Conceptualizing cultural effects

In summary, integrating cultural factors into prevention interventions involves a proactive analysis of the needs of a specific cultural sub-group, and of how specific cultural factors (perceptions, attitudes, skills in self-regulation, family obligations, low social supports for a healthy lifestyle, etc.) may operate as personal or cultural barriers (or as facilitators) of sustained behavior change that can reduce the risks of type 2 diabetes. In the design of culturally sensitive prevention interventions, culturally relevant cognitive or relational factors can be explored as potential facilitators or detractors of healthy behavior change. These include: ethnic pride, familism, machismo, marianismo, personalismo, respeto, simpatia, and spirituality (Castro and Hernández-Alarcón 2002). Cultural factors that may operate as moderators of healthy behavior change may include: levels of acculturation, traditional values, as well as the traditional gender roles of machismo and marianismo.
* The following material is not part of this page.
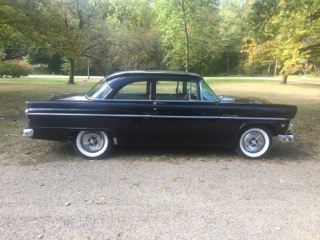 12:01:30 GMT-0400 (EDT)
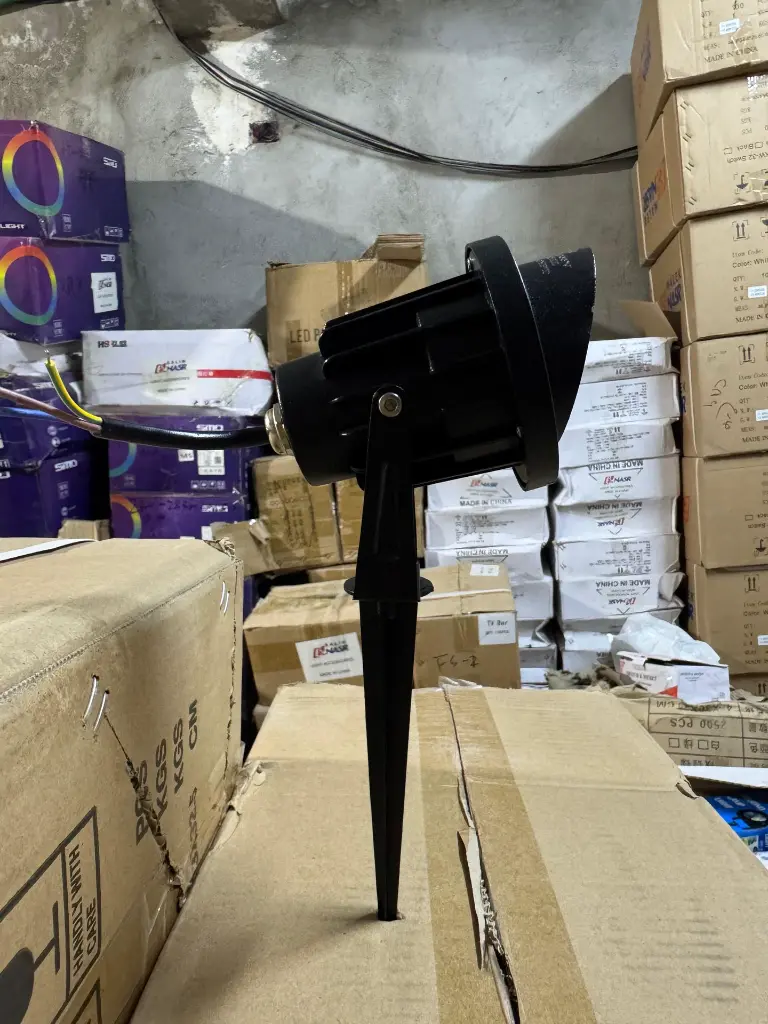 WhatsApp Image 2025-10-17 at 11.55.35 (1).webp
Broader contextual factors include aspects of the built environment, as well as local norms and national policies that influence lifestyle choices. Consideration of these factors may augment cultural sensitivity, ideally facilitating program participation and thus enhancing the efficacy of interventions designed to change dietary and exercise behaviors consistent with diabetes prevention.

A final comment

We have summarized several key approaches for overcoming challenges to diabetes prevention in Latino and other racial/ethnic populations, with the aim of informing the design of more effective diabetes prevention interventions. The diversity that exists within each ethnic group must thus be recognized and addressed by the use of population segmentation that identifies ethnic-cultural subgroups (strata) that can be defined by socioeconomic status, level of education or literacy, age group, and perhaps by gender, as this segmentation aids in focusing the content of the prevention intervention curriculum. Subsequently, various findings from empirical studies can be considered as the basis for prevention intervention planning and design. This greater focus on defining features of racial/ethnic minority sub-groups can be guided by the expanded ecodevelopmental models and via the conduct of research on the hypotheses suggested by such model analyses. This approach may further enrich our understanding of ways to facilitate the prevention and control of type 2 diabetes in Latino and other racial/ethnic minority populations.